Tout d’abord, on assiste, en direct-live, à la mort comique de bien des personnages : il y a de violentes mangeries et de simples sorties dans la coulisse mais aussi des agonies paradoxalement racontées sur un mode hilarant.

Au moment d’entrer dans la mort, le moribond aura en effet la parole (l’auteur semblant lui tendre un micro) ; il aura des visions hallucinées et ses dernières paroles seront à consigner. Dans L’Atelier volant par exemple (p. 102), les derniers mots de « Louis » sont « Attention v’là l’pointu, , v’là l’pointu », être (?) aussi énigmatique que le « Grand Velu » entrevu par Michaux (cf. « ils font face au Grand Velu »). Quant aux dits de Jean Léon Blanc au moment fatidique, ce seront « La viande est en face » et « La viande est un fait » (D.V., p. 119), comme s’il sortait d’une viande pour entrer dans une autre.

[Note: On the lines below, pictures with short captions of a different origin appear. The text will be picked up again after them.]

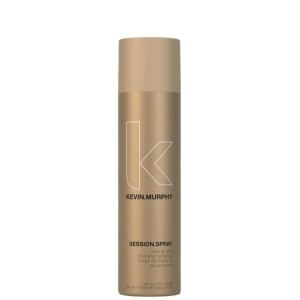 Kevin.Murphy Session.Spray 400ml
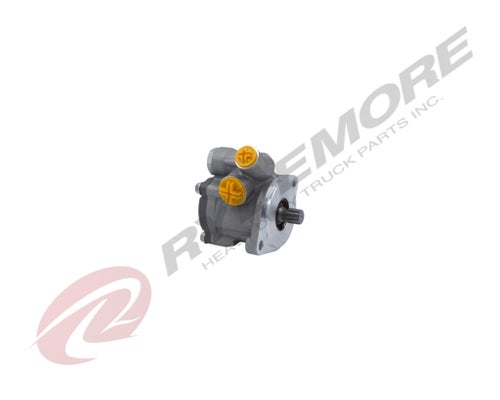 TRW/ROSS EV Power Steering Pump For Sale by Rydemore Heavy Duty Truck Parts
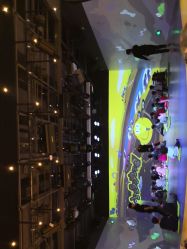 -小鸡哆哆故事屋·儿童乐园(嘉里城店)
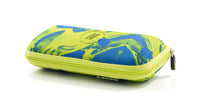 Lava Case Thumbnail Image 2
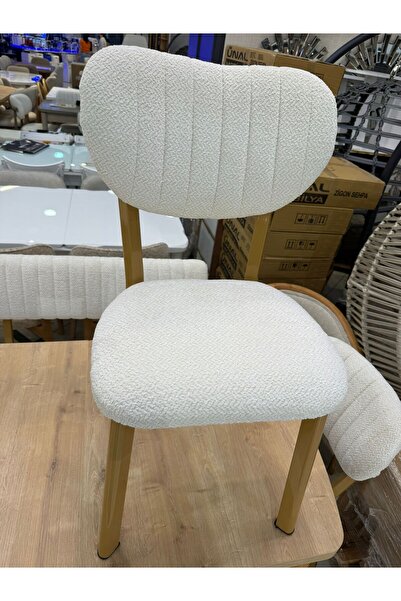 Selim mobilya sandalye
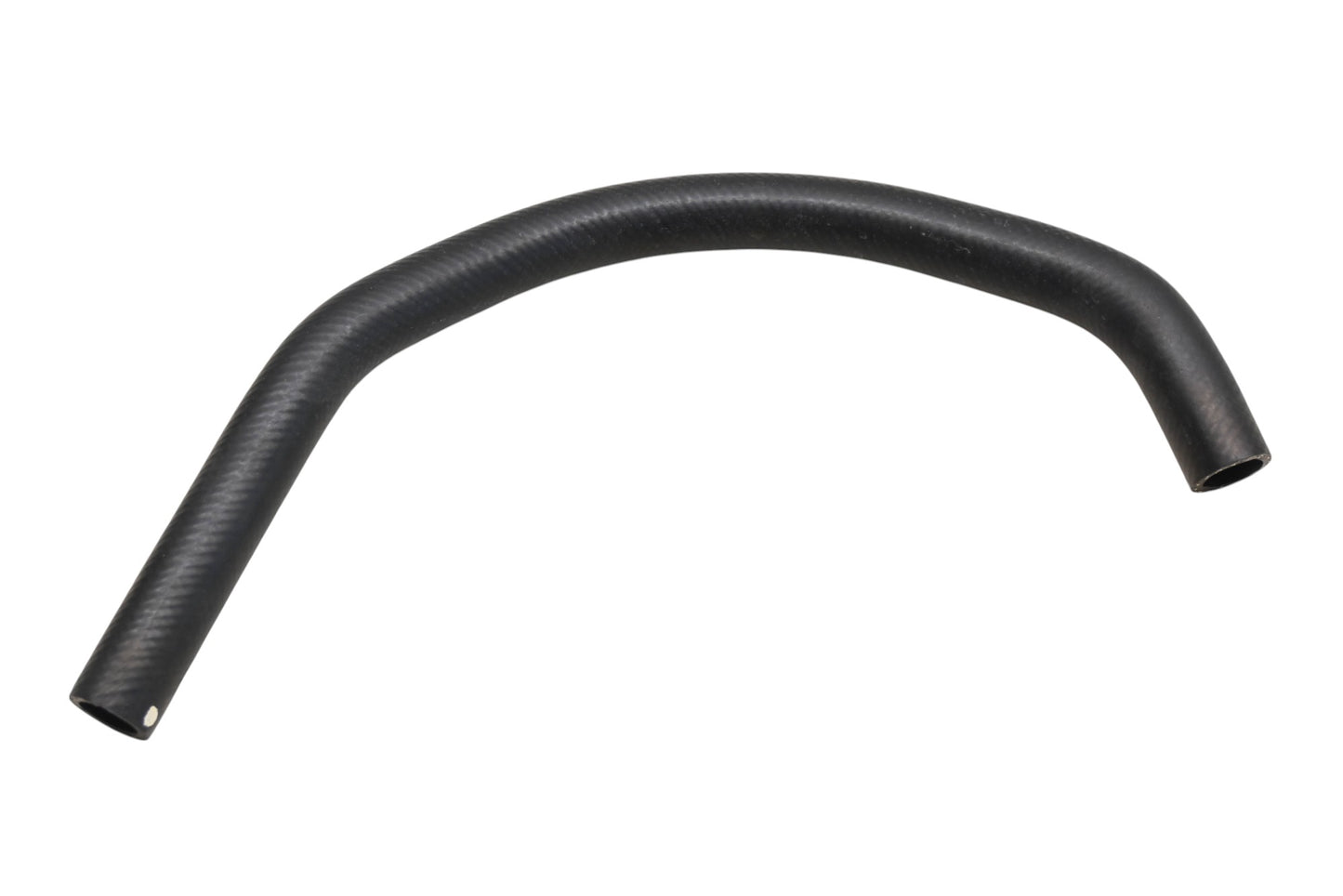 New OEM Yamaha 2GU-12482-00-00 Radiator Hose NOS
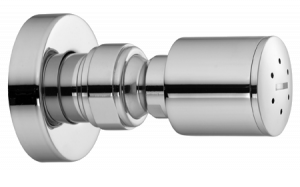 27100-CR CARIMALI Боковой цилиндрический бодджет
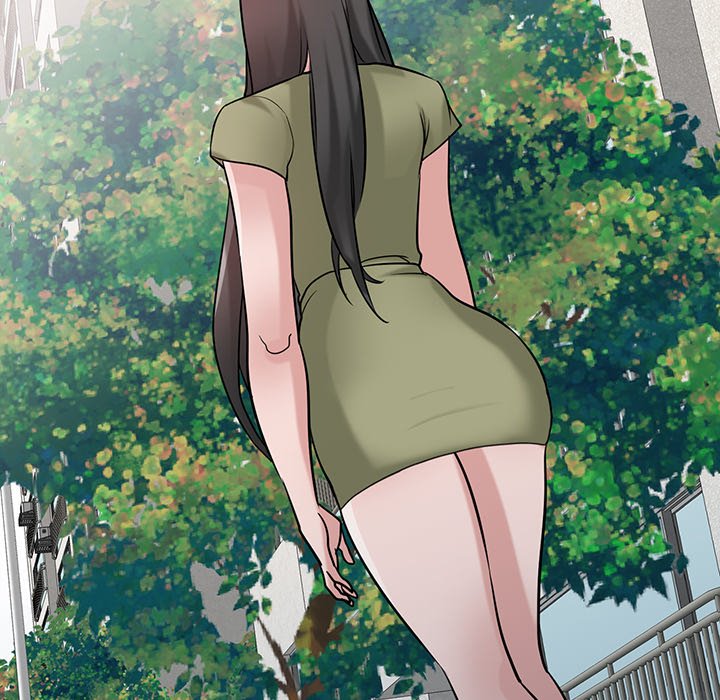 The Mismatch - Chapter 31 [photo 7] - MangaPorn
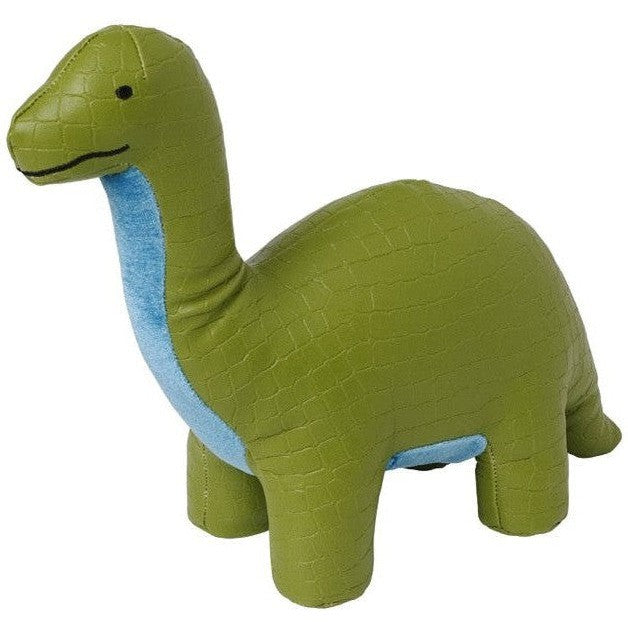 Little Big Friends Hector the Brachiosaurus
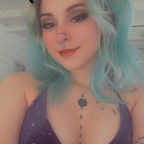Heather avatar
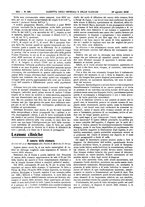 giornale/UM10002936/1919/V.40.2/00000220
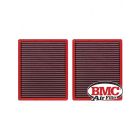 BMC Performance Air Filter Fits 2018+ Ferrari Portofino 3.9 V8 Turbo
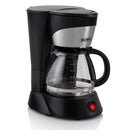 Cafetera Thomas TH-130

Dans La Lutte des morts, on aura une véritable scène de comédie : « Donne-moi un baise, Gypsy, c’est le dernier et pour toujours. Tu sentiras plus mes moustaches. » (p. 510). Dans Le Drame de la vie, certains semblent prendre la chose du bon côté : « Tous tendent les oreilles vers le mort qu’ils entendent rire » (p. 290). Dans Le Babil des classes dangereuses, les derniers mots de Laban expriment une sorte de soulagement et, dans Le Discours aux animaux, c’est même à pieds joints que l’on s’élancera dans la mort : « Sautons en tombe en hurlant de joie ! » (p. 185). Dans Le Drame de la vie (p. 267), on aura une autre réaction inattendue : « L’homme à qui l’on troue le front dit : nous vivons une époque formidable », après quoi le mot « front » sera remplacé par le mot « fond » (sans doute celui du trou qu’on creuse pour le mort) dans « Et ils trouèrent son fond ».

Bref, Le mot d’ordre est un peu « dansons pour nous taire » voire « Cap à Glas », « Cap au bois » ou « Y a d’la joie à mourir ! » Ici, la mort est une fête, un feu d’artifice : ce qui sonne, ce n’est pas forcement « le glas pour Un qui a quitté ce mond » (comme dans La Lutte des morts, à la page 461) mais plutôt un joyeux « branle-bas de cloche » (pour citer Dubuffet).